Pour schématiser, les deux capitales s’opposent sur la question des milices kurdes syriennes, à savoir les Unités de protection du peuple kurde (YPG). Pour Washington, ces milices constituent une force importante pour combattre le groupe Etat islamique (EI). D’où le soutien à ces dernières, alors qu’il considère le PKK comme organisation terroriste. En revanche, aux yeux d’Ankara, elles ne sont que l’extension en Syrie du PKK qui livre.

En janvier 2018, la Turquie a lancé dans le nord-ouest de la Syrie une offensive contre les YPG, considérées par Ankara comme une organisation terroriste. Opération qui a suscité l’ire de Washington. Les deux alliés au sein de l’Otan se sont finalement accordés, début juin, sur une «feuille de route» pour coopérer. Autre point de discorde : l’acquisition par Ankara en 2017 du système de missiles S-400 de laRussie.

Les Etats-Unis estiment que les systèmes russes ne sont pas compatibles avec les dispositifs de l’Otan. Ils y voient un risque que les opérateurs russes chargés de former les militaires turcs aux S-400 puissent dans le même temps percer les secrets technologiques du nouvel avion furtif américain F-35, dont la Turquie veut aussi se doter. Washington décrète des sanctions à l’encontre de son partenaire de l’alliance Atlantique nord.

En juillet 2019, les Etats-Unis ont annoncé l’exclusion de la Turquie du programme d’avions furtifs F-35. En décembre 2020, Washington a interdit l’attribution de tout permis d’exportation d’armes à l’agence gouvernementale turque chargée des achats d’équipements militaires, le SSB. Il a invoqué une loi de 2017 dite «contrer les adversaires de l’Amérique à travers les sanctions» (Caatsa), qui prévoit des sanctions automatiques dès lors qu’un pays conclut une «transaction significative» avec le secteur de l’armement russe.
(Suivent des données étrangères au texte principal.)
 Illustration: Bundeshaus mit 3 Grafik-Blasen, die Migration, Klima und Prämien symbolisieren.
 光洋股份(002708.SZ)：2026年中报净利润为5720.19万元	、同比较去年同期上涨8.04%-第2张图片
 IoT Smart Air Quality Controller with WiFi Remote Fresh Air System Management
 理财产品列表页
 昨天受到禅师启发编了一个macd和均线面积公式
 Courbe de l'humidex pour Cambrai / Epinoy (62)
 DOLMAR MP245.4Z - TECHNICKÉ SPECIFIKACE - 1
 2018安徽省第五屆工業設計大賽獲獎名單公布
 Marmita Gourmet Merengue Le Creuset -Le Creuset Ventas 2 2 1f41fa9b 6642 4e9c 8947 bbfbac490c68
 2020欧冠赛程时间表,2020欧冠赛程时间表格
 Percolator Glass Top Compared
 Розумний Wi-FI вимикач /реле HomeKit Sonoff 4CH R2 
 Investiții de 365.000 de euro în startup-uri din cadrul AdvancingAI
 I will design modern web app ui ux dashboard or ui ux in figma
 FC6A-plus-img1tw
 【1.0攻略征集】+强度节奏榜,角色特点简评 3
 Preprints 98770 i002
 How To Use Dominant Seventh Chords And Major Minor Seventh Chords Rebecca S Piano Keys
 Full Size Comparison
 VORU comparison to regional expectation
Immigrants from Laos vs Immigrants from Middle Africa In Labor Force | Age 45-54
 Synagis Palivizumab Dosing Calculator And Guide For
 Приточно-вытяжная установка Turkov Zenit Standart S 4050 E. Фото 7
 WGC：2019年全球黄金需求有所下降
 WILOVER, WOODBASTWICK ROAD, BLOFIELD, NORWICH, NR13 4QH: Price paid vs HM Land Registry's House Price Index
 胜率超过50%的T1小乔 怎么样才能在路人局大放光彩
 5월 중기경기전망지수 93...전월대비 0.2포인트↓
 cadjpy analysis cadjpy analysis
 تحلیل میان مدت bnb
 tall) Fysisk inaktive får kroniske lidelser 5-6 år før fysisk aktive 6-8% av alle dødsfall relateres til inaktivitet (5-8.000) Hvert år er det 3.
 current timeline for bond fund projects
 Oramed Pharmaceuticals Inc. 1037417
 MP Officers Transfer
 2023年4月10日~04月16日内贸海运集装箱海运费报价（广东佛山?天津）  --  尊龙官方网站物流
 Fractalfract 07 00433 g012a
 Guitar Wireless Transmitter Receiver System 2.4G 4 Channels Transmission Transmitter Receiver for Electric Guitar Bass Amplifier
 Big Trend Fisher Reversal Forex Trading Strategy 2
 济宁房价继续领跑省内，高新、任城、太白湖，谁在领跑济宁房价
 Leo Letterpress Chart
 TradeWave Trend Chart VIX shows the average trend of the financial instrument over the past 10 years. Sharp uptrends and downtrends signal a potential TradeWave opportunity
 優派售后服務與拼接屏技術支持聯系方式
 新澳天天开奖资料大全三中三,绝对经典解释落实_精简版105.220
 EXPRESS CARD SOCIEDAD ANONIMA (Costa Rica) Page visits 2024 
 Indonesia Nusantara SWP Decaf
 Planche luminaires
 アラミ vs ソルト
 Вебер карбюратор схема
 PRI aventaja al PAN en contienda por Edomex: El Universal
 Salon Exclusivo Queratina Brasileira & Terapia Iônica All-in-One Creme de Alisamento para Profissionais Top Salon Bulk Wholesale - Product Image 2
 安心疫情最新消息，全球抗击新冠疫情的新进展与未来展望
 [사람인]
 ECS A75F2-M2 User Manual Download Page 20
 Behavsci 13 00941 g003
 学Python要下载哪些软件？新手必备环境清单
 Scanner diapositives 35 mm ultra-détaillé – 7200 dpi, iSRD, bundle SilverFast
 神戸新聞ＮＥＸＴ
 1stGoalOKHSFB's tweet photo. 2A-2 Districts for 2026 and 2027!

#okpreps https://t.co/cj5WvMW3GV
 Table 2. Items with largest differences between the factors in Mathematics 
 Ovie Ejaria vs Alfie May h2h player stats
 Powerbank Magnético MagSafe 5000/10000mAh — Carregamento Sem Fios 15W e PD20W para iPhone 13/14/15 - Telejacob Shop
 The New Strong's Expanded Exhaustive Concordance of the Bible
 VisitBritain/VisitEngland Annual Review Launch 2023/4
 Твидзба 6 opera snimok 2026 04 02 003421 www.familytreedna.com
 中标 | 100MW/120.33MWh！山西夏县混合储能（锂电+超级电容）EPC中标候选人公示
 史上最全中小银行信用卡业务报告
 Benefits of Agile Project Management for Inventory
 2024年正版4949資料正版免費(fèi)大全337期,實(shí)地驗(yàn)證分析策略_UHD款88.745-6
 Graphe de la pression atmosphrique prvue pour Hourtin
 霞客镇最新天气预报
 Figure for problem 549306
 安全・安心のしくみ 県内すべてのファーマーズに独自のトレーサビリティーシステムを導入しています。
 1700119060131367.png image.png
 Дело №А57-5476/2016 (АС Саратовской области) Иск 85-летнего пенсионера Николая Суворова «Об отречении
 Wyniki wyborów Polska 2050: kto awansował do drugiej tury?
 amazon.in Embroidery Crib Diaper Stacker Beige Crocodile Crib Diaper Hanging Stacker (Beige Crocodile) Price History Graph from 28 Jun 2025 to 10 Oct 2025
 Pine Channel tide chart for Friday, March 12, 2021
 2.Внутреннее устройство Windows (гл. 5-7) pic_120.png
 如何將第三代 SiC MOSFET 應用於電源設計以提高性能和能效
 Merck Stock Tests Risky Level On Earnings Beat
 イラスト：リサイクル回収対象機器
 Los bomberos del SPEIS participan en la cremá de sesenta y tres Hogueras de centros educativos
De son côté, le porte-parole du Pentagone, John Kirby, a affirmé début février que la position de Washington à ce sujet «n’avait pas changé» et a appelé la Turquie à «renoncer au système S-400». Par ailleurs, la Turquie réclame, en vain, à Washington l’extradition du prédicateur Fethullah Gülen, qu’elle accuse d’avoir fomenté le coup d’Etat, en juillet 2016, contre Erdogan.